Tous les livres de Hideo Furukawa
En 1943, l'armée impériale japonaise laisse derrière elle quatre chiens sur une île déserte. Ils la quitteront, et leurs descendants se répandront sur la terre pour chercher, au fil de leur généalogie chaotique, un lieu où ils puissent se sentir véritablement à leur place. Leur terre promise à eux.
Ils participeront à toutes les aventures du XXe siècle, sur terre, sur mer, et même au-delà, pour nous donner à lire, dans un prodigieux renversement de valeurs, une nouvelle histoire du monde et adresser en même temps une déclaration de guerre à notre XXIe siècle.
Un roman polyphonique au rythme trépidant et d'une insolence extravagante qui remet en cause l'autorité naturelle de l'humanité sur le monde. Un livre hors normes dans la littérature japonaise contemporaine qui repousse stylistiquement encore plus loin les frontières du réel et de la fiction.
De quoi est fait le monde, selon vous, sinon de fiction ?
Car il s'agit bien, dans ce roman, de lâcher les chiens de la fiction !
Ce livre est l'incandescente mise à l'épreuve de l'écriture face au réel et place définitivement Furukawa Hideo parmi les plus grands écrivains de sa génération. Après la catastrophe, il part à Fukushima, dans cette terre victime d'un « désastre annoncé », elle qui a fourni la chair à canon des guerres coloniales et le lumpen-prolétariat de la modernisation, avant que lui soient imposées les centrales nucléaires dont l'électricité fait briller Tôkyô. Parvenu à la limite de la zone interdite, dans la ville de Sôma, Furukawa Hideo se trouve face aux chevaux rescapés du tsunami, blessés, hallucinés.

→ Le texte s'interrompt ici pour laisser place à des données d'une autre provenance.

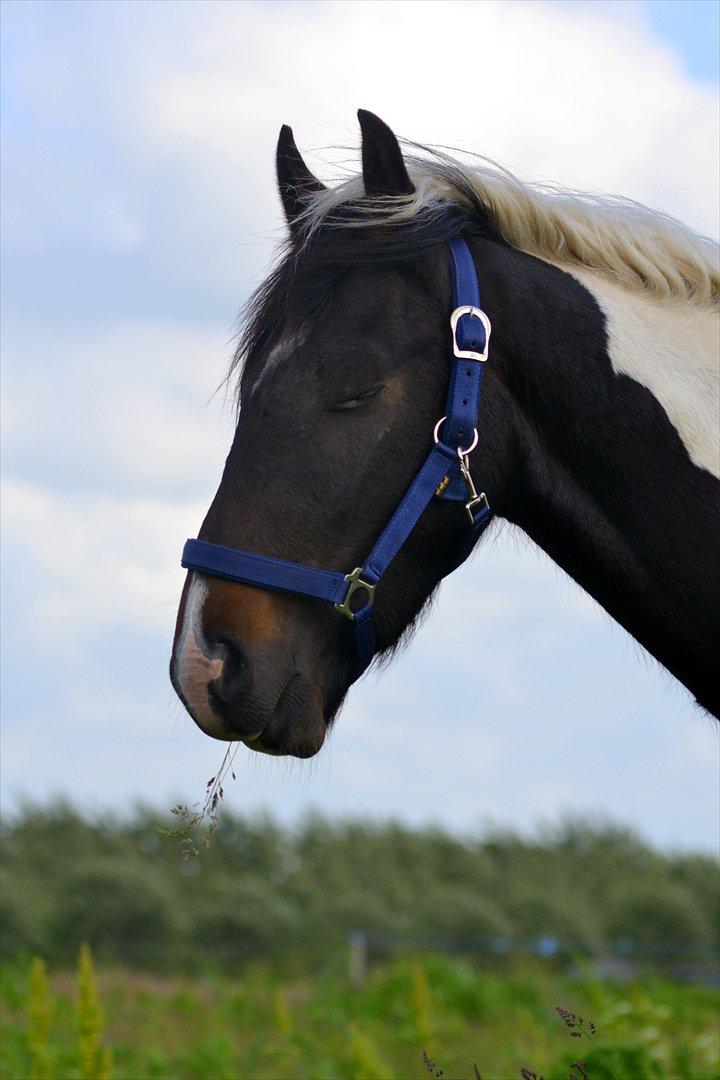 Barockpinto Drops Of Jupiter - Mmmm billede 10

Fin du XXe siècle. Deux enfants, un garçon et une fille, se retrouvent échoués sur une île déserte dans le Pacifique. En deux années, ils développent des techniques de survie et de communion avec la nature, proches du chamanisme. Devenus grands et rendus à la civilisation, ils découvrent un Tokyo transformé par le réchauffement climatique et l'immigration clandestine. Envahi par une végétation tropicale et des colonies de corbeaux à gros bec. Où il vont devoir apprendre à survivre, sur les décombres de la société des hommes.
Ce roman d'une puissance imaginaire stupéfiante, à l'écriture fiévreuse comme un long solo de guitare rock, emprunte les codes de la science-fiction pour mieux dynamiter la fiction tout court.
Sa forme est celle d'une spirale qui se resserre et tourne de plus en plus vite. Pour Furukawa la littérature est une arme, une tornade qui emporte tout, et Soundtrack le roman fondateur de toute son oeuvre.
"J'étais un humain, j'étais en colère, et j'ai juré de mettre mes tripes à écrire un chant à la gloire des corbeaux. J'ignore à quel âge je mourrai, j'ignore combien de dizaines de romans j'écrirai jusqu'à ma mort. Mais je peux dire une chose. S'il y a quelque chose que l'on puisse appeler l'ère Furukawa, alors son année 0 correspond à l'année de publication de Soundtrack."
Il existe une Iliade japonaise, une épopée guerrière chantée par des moines aveugles qui sillonnaient le pays en s’accompagnant au luth biwa. Elle s’appelle le Heike monogatari et conte la lutte des clans Minamoto et Taira au XIIe siècle, dont le point culminant fut la bataille navale de Dan-no-ura, où périt le clan Taira.
Le roman de Furukawa commence où s’achève l’épopée guerrière. Cent cinquante ans plus tard, Tomona, fils de pêcheur-plongeur, naît à Dan-no-ura. Un jour, l’enfant et son père remontent l’épée sacrée qui avait été perdue lors de cette bataille. L’éclat magique de la lame tue le père et aveugle le fils. Et l’épée retombe dans la mer.
Tomona part pour la capitale où il devient joueur de luth biwa. C’est là qu’il croise Inuô, « le Roi Chien », enfant difforme et masqué qui pratique la danse. Une amitié fusionnelle se développe et l’aveugle devient le chanteur du récit héroïque de la guerre des Taira et des Minamoto sur la danse et les textes d’Inuô. Quand seront apaisées les âmes courroucées des vaincus, Inuô retrouvera sa beauté humaine en se réconciliant avec le malheur d’être soi.
Au croisement du mythe et du chant, de la violence et de la grâce, Furukawa invente ainsi une suite à ce long poème épique. A la douleur endurée par les humains sont intimement tressées la puissance de l’art, de la danse, et ce qui en naît : la beauté.